▶ Task brief
Copy verbatim the block of lines in the entries below whose first line contains "Westpark Dental Studio 3D Metal Back-Lit" and whose last line contains "Maple the highland". Leave out all other lines.

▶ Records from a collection
[Start of section]

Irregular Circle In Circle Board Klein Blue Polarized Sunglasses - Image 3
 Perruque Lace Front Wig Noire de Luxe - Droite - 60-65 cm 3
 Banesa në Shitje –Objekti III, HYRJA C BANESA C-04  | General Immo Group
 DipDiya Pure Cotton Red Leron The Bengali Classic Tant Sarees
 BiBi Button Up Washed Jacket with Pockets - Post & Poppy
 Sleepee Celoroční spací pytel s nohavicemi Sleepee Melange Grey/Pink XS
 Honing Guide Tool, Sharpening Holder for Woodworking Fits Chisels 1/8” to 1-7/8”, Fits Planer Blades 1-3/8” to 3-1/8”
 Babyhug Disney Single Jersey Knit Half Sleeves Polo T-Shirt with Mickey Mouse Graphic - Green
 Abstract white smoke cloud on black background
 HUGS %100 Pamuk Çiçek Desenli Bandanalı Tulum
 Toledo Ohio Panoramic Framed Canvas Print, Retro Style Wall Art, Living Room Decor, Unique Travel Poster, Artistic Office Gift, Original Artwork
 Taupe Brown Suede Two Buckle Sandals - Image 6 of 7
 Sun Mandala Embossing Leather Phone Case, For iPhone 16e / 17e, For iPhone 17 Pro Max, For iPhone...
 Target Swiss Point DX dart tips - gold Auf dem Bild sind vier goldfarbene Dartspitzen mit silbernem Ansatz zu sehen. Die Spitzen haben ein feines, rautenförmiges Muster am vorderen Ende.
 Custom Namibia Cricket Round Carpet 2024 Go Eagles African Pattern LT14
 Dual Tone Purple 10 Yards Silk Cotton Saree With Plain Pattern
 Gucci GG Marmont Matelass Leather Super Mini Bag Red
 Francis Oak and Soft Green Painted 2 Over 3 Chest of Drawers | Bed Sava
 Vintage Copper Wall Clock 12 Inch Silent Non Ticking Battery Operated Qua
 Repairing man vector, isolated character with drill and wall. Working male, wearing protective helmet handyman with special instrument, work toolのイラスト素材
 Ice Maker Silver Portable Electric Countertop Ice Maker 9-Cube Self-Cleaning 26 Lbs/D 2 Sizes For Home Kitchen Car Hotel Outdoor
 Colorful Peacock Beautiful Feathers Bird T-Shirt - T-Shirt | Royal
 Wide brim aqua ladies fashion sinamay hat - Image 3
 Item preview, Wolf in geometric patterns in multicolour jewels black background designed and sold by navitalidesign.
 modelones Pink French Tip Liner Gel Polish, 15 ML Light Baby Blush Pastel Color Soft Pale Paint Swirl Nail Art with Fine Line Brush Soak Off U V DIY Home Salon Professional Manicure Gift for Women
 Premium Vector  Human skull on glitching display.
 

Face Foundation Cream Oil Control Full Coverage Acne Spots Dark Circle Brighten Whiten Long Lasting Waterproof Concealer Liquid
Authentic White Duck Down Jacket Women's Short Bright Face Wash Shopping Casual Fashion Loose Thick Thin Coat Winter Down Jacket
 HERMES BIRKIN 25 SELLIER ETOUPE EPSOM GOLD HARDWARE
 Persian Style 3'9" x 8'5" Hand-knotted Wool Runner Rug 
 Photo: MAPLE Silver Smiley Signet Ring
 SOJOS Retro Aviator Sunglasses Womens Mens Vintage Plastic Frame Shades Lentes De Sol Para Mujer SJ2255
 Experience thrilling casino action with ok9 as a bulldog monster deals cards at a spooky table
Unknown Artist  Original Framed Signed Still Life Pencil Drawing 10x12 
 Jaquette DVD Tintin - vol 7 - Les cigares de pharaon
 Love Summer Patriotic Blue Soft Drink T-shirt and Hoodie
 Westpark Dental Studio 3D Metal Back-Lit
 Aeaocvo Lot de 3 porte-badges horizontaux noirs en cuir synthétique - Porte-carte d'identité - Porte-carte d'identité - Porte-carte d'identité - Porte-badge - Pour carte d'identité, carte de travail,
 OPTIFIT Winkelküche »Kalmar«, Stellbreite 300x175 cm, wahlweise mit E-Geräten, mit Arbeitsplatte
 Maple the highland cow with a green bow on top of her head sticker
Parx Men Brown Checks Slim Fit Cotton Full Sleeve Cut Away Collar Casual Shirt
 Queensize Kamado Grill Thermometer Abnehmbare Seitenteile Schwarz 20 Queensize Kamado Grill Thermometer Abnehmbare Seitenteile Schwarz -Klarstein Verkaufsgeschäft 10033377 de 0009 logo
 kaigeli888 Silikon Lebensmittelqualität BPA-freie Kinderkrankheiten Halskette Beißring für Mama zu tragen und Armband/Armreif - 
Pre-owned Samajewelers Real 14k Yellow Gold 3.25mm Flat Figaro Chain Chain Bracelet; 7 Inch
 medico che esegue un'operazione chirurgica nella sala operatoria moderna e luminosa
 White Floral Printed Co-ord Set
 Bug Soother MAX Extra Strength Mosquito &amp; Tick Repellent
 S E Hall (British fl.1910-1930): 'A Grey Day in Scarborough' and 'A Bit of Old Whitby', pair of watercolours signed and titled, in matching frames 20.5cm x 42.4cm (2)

[End of section]

▶ Answer
 Westpark Dental Studio 3D Metal Back-Lit
 Aeaocvo Lot de 3 porte-badges horizontaux noirs en cuir synthétique - Porte-carte d'identité - Porte-carte d'identité - Porte-carte d'identité - Porte-badge - Pour carte d'identité, carte de travail,
 OPTIFIT Winkelküche »Kalmar«, Stellbreite 300x175 cm, wahlweise mit E-Geräten, mit Arbeitsplatte
 Maple the highland cow with a green bow on top of her head sticker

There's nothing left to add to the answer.